Is that why they're so inaccurate that they always die around 20-30% and never charge to 100%? I figure that phone battery meters are accurate cause they can track usage habits, but how would you do something like that with a power bank?
Yep. State of charge is almost entirely voltage based.
As a battery loses charge, the voltage sags.
What's happening in the OP is that the batteries are getting a voltage bump, likely from the conversion to/from 5v on the output and the conversion back to battery charging voltage on the input (or the thermal/internal resistance is changing).... One of those things.
Either way, the conversions are not 100% efficient, so basically all this does is turn your battery bank into a heater, slowly sapping the power away from it as heat until dead.
With phones, it can also be battery degradation, that the voltage drops off at a higher "state of charge" level than when the battery is new.
Voltage sags can also be induced by load. If you go from a high drain state on your phone to a low drain state (say, going from playing a 3D mobile app to idling at the lock screen) the state of charge % can actually increase.
Cold temperatures can also increase the internal resistance and cause batteries that are not fully discharged to stop operating as well, only to work again after being warmed up.
Current battery tech is wild, and the state of charge indicator of voltage can be extremely inaccurate.
I wonder by what method it does that? put out a pulse code on the power out and look for it? Some USB cables don't actually carry the data lines through, so.
You either have a ping before connecting and if you get a response don't do it. Or you send some high frequency wave additionally to the power. You can detect that signal and then stop accepting the power.
Probably just sends a number as data, and if it gets it back then doesn't charge.
You're right that some cables don't carry data, but most do and as long as the cable that comes with it does then it's going to be fine for 99% of cases.
There'll often be a way to break it like going through a USB hub, but most people aren't actively trying to damage things. I can see people wrapping the cable around it and plugging both ends in to stop them flapping about though.
They are cheap and if you don't need an expensive product, they are mostly fine, but I got a free powerbank with some crappy teen magazine (when I still ocasionaly read those ad filled pieces of shit) and it died on the second charge.

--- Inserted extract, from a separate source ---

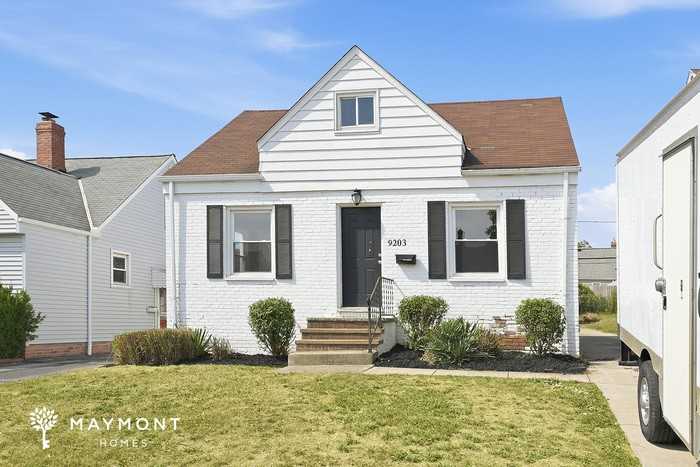 9203 S Highland Ave - Photo 3 of 3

Assuming it was either 15 years ago or your powerbank is a budget one.
My powerbank would just flip me off and tell me to go fuck myself if I did plug it into itself.

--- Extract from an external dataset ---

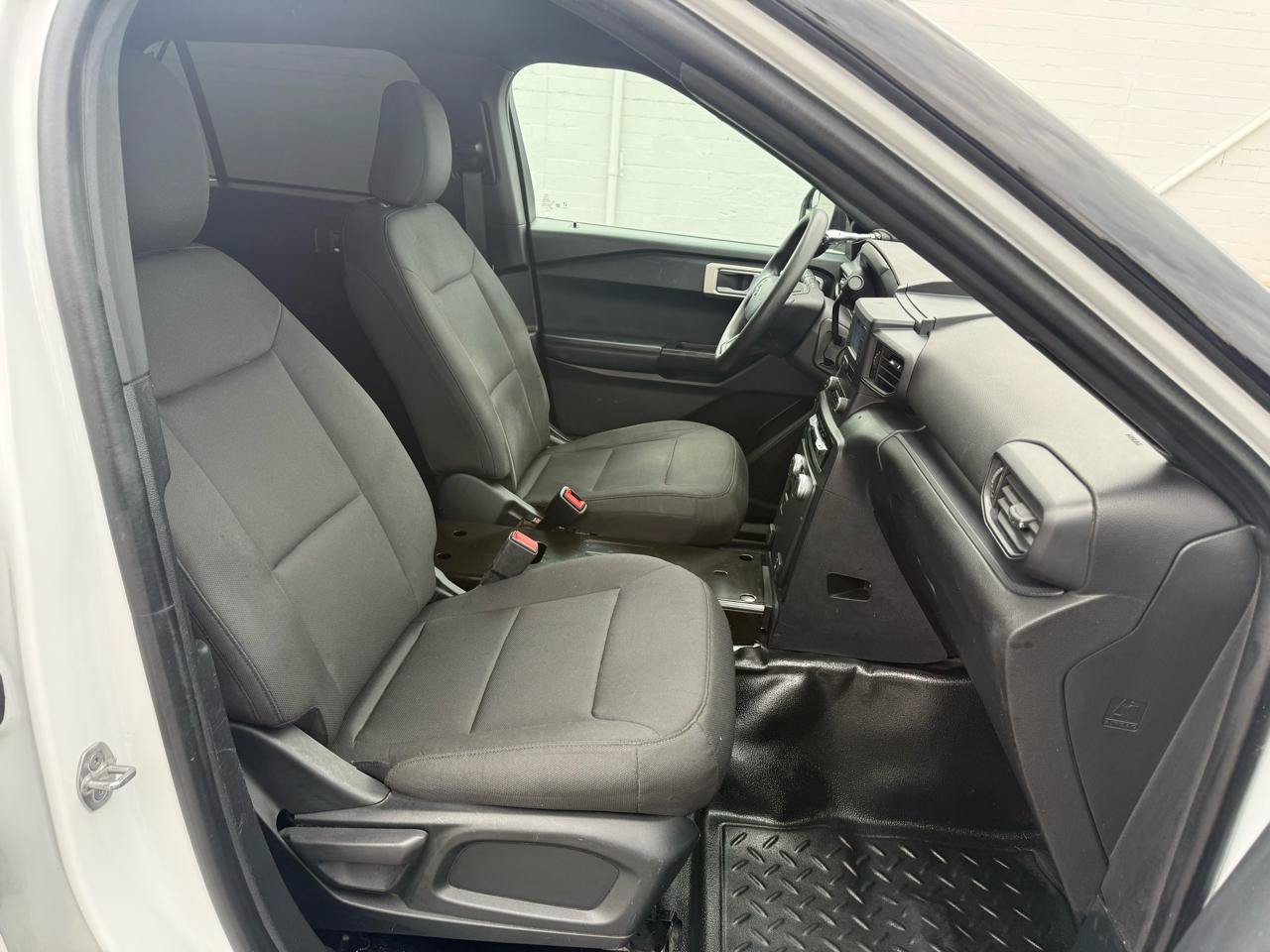 Used 2021 Ford Explorer 4WD Police Interceptor image 3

(seriously tho, it would just cut power and turn off immediately. If your powerbank doesn't do at least that, then discard it and get another one with more advanced protection features)
You shouldn't charge a battery pack at the same time you're discharging it unless it's specifically designed to allow that. Most consumer power banks are not designed to do that.
I once charged my phone by holding it over an induction cooktop. Only for a couple of seconds though as I was afraid to fry my phone, but it did it over 40cm
Yeah, I had the exact same thoughts about the risk to the phone, but curiosity got the best of me. The phone worked fine for several years afterwards so no harm done.
I used to take those 9-volt battery connectors, wire them up together and then recharge a dead 9-volt with a brand new one until the tester strip thing showed they were both even. Surprised they never popped because they would get really hot lol
Those chargers are really dangerous. It is technically possible to recharge a disposable alkaline battery a few times, but you're never going to get more than a half charge, and it will fuck up the internal chemistry turning each battery into a tiny potential pipe bomb.